Ennesimo, gravissimo episodio di violenza ai danni del trasporto pubblico locale a Napoli. Ieri, 21 aprile, intorno alle ore 18:20, un autobus ANM in servizio sulla linea 116 (Napoli–Cercola) è stato colpito da una pietra lanciata in via Galileo Ferraris.

Il vetro anteriore è stato sfondato e il corpo contundente è penetrato nell’abitacolo, mettendo a rischio il conducente e i passeggeri. Alcuni frammenti hanno ferito un utente. Solo per puro caso non si è verificata una tragedia.

Il conducente è stato costretto a interrompere il servizio e a richiedere l’intervento delle Forze dell’Ordine. Non si tratta di un semplice atto vandalico: siamo di fronte a un vero e proprio attentato alla sicurezza pubblica e dei lavoratori.

Aggressioni, minacce, insulti e violenze sono ormai quotidiane. Il personale del TPL — conducenti, verificatori, macchinisti, agenti di stazione — è lasciato solo, esposto a rischi continui e inaccettabili. In troppi casi si lavora senza alcuna tutela reale.

La verità è sotto gli occhi di tutti: alle dichiarazioni di circostanza non seguono interventi concreti. Si continua a ignorare un’emergenza che sta diventando strutturale. È inaccettabile che chi garantisce un servizio pubblico essenziale debba mettere a rischio la propria vita ogni giorno.

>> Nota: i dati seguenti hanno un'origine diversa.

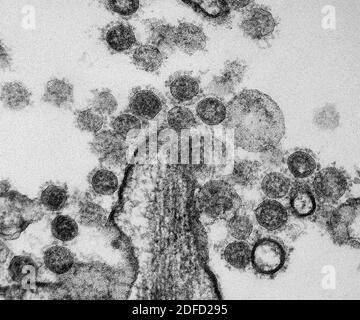 MERS-Coronavirus-Partikel Stockfoto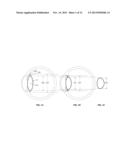 Intraocular Device to Restore Natural Capsular Tension after Cataract     Surgery diagram and image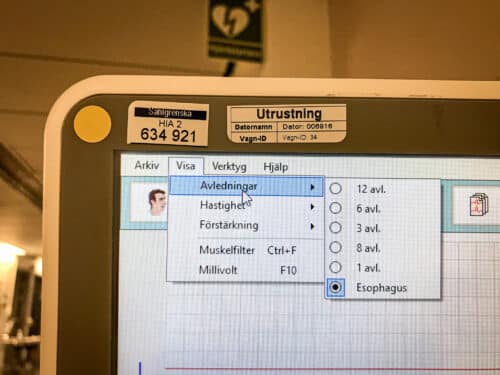 Inställning på EKG-apparaten för esophagus-EKG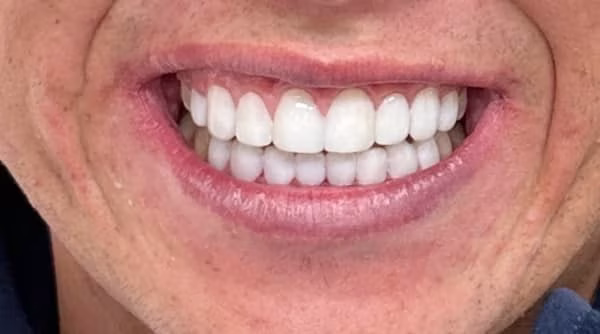 Case 45 - composite bonding - after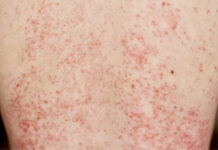Indolent Systemic Mastocytosis Explained: Signs, Triggers, and Management Indolent Systemic Mastocytosis Explained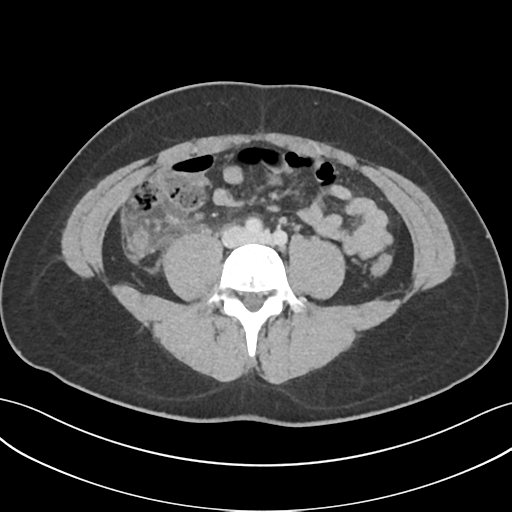 Acute appendicitis with appendicoliths (Radiopaedia 50186-55532 Axial C+ portal venous phase 49).png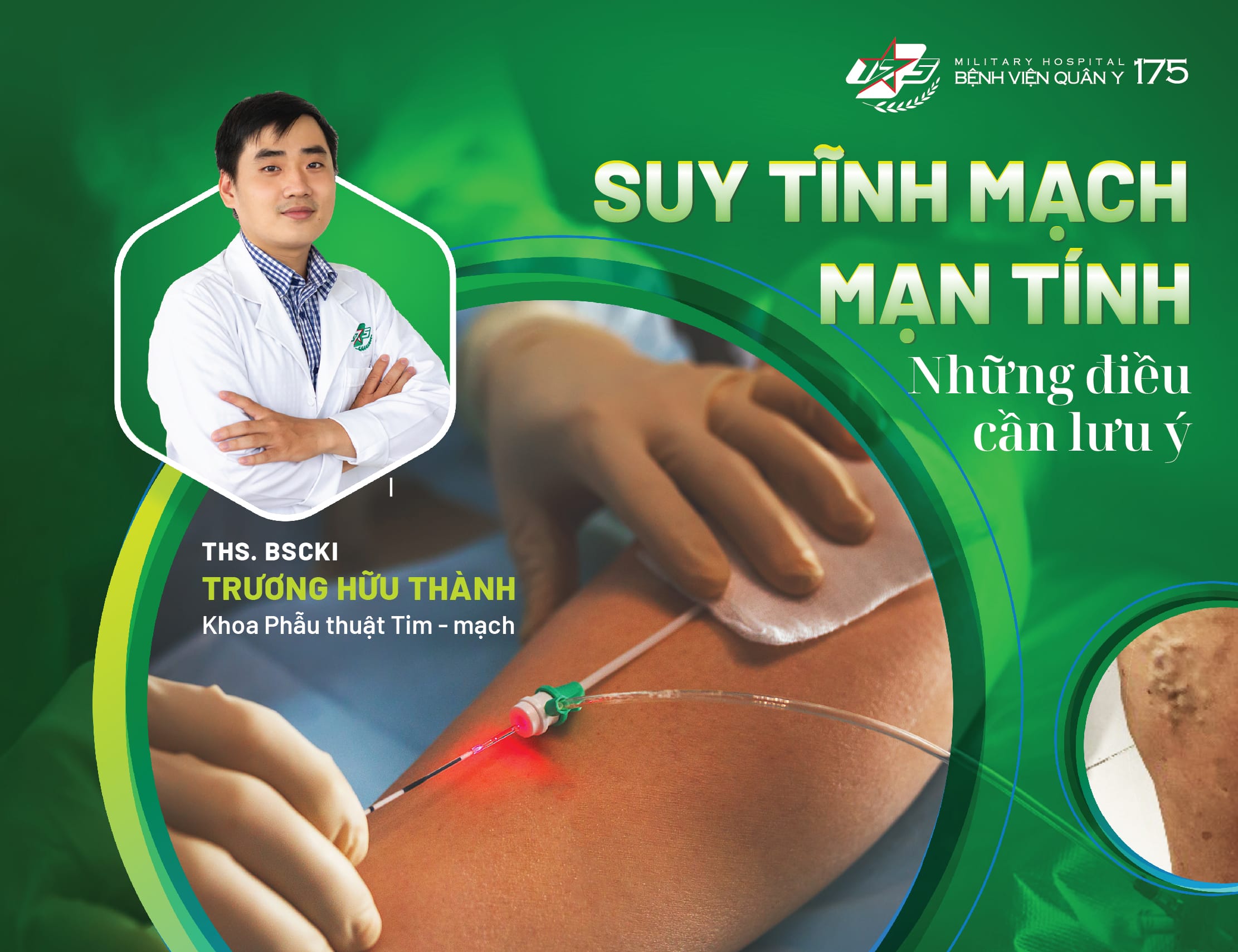 Suy tĩnh mạch mạn tính – Những điều cần lưu ý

Ad oggi, i mezzi ANM e gran parte del sistema regionale sono privi di cabine anti-aggressione e di sistemi di allarme collegati in tempo reale con le Forze dell’Ordine per la geolocalizzazione immediata. Nelle stazioni e sui treni, il personale opera con strumenti del tutto inadeguati. Servono subito bodycam, presidi delle Forze dell’Ordine sulle linee e nelle stazioni più esposte, e un piano serio di prevenzione, soprattutto nelle fasce orarie più critiche.

Non servono più parole: servono atti. La Regione Campania deve assumersi le proprie responsabilità e imporre un Protocollo Unico di Sicurezza vincolante per tutte le aziende del TPL. Basta gestione frammentata, basta scaricabarile: siamo di fronte a un problema sistemico che richiede risposte immediate, coordinate e obbligatorie tra istituzioni, Prefetture, Questure e aziende.

USB Lavoro Privato Trasporti Campania lancia un nuovo, fermo appello: si passi immediatamente dagli annunci ai fatti; ogni ulteriore ritardo sarà una responsabilità precisa.

Esprimiamo piena solidarietà al conducente aggredito, al passeggero ferito e a tutti i lavoratori che ogni giorno operano in condizioni sempre più pericolose.

Nel ribadire la disponibilità a un confronto immediato, senza ulteriori rinvii, torniamo ad affermare che  le misure di sicurezza non sono più negoziabili perchè Il diritto alla mobilità non può esistere senza il diritto alla sicurezza. E oggi, quel diritto viene sistematicamente negato.